- [What the task asks] Starting at the line with "Mud Room - 909-8355" and going on through the line with "Otomobillerin çarpıştığı kazada", reproduce each line in the records below exactly and nothing more.

Short web captions
◆ ◆ ◆ ◆ ◆

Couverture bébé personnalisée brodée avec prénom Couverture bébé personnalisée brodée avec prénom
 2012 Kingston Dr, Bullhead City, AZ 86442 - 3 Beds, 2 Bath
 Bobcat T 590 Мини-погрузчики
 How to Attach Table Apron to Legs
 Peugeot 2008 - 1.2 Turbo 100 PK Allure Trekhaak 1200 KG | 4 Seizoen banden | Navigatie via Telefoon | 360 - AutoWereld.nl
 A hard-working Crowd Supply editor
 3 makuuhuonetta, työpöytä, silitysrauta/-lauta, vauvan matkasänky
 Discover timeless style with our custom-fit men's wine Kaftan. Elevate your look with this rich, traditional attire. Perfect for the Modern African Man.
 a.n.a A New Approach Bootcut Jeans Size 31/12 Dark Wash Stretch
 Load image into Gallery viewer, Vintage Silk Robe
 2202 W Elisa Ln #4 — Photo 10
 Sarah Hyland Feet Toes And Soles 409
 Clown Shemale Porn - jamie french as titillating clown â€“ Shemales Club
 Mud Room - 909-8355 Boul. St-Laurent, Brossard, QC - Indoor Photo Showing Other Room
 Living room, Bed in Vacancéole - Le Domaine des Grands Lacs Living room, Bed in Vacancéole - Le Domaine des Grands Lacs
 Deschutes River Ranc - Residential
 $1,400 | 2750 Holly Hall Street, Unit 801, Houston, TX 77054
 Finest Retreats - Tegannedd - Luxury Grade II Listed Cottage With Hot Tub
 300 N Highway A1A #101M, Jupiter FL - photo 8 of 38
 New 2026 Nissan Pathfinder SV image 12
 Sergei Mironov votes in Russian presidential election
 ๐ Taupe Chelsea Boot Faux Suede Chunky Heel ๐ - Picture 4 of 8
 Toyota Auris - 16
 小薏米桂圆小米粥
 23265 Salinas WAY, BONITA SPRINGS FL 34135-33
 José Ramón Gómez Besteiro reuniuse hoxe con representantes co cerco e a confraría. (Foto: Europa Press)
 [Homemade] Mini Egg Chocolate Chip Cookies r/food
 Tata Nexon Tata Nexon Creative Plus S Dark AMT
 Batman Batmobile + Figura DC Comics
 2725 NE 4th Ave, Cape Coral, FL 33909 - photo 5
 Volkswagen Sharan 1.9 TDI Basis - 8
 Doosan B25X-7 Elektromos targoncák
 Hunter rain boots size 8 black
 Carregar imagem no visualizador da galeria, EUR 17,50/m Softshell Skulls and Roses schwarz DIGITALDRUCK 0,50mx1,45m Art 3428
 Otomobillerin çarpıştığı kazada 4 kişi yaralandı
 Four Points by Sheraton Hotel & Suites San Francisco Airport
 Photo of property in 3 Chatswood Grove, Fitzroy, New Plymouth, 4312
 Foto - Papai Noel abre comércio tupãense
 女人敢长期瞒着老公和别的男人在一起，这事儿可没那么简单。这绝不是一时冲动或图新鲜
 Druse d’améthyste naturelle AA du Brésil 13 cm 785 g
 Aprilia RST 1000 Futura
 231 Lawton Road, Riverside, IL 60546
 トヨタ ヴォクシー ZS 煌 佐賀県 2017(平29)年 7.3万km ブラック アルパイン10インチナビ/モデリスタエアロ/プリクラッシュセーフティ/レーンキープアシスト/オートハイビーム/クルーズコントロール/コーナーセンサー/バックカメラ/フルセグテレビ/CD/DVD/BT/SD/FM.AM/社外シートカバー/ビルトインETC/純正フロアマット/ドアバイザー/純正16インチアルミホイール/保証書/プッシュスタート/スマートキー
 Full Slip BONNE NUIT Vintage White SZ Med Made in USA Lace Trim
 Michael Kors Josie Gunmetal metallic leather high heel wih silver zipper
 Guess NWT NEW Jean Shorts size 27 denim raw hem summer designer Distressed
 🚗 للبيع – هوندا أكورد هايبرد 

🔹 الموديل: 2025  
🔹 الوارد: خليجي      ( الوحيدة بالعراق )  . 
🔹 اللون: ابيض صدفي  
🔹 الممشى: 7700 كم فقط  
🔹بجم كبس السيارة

◆ ◆ ◆ ◆ ◆

- [Final answer]
 Mud Room - 909-8355 Boul. St-Laurent, Brossard, QC - Indoor Photo Showing Other Room
 Living room, Bed in Vacancéole - Le Domaine des Grands Lacs Living room, Bed in Vacancéole - Le Domaine des Grands Lacs
 Deschutes River Ranc - Residential
 $1,400 | 2750 Holly Hall Street, Unit 801, Houston, TX 77054
 Finest Retreats - Tegannedd - Luxury Grade II Listed Cottage With Hot Tub
 300 N Highway A1A #101M, Jupiter FL - photo 8 of 38
 New 2026 Nissan Pathfinder SV image 12
 Sergei Mironov votes in Russian presidential election
 ๐ Taupe Chelsea Boot Faux Suede Chunky Heel ๐ - Picture 4 of 8
 Toyota Auris - 16
 小薏米桂圆小米粥
 23265 Salinas WAY, BONITA SPRINGS FL 34135-33
 José Ramón Gómez Besteiro reuniuse hoxe con representantes co cerco e a confraría. (Foto: Europa Press)
 [Homemade] Mini Egg Chocolate Chip Cookies r/food
 Tata Nexon Tata Nexon Creative Plus S Dark AMT
 Batman Batmobile + Figura DC Comics
 2725 NE 4th Ave, Cape Coral, FL 33909 - photo 5
 Volkswagen Sharan 1.9 TDI Basis - 8
 Doosan B25X-7 Elektromos targoncák
 Hunter rain boots size 8 black
 Carregar imagem no visualizador da galeria, EUR 17,50/m Softshell Skulls and Roses schwarz DIGITALDRUCK 0,50mx1,45m Art 3428
 Otomobillerin çarpıştığı kazada 4 kişi yaralandı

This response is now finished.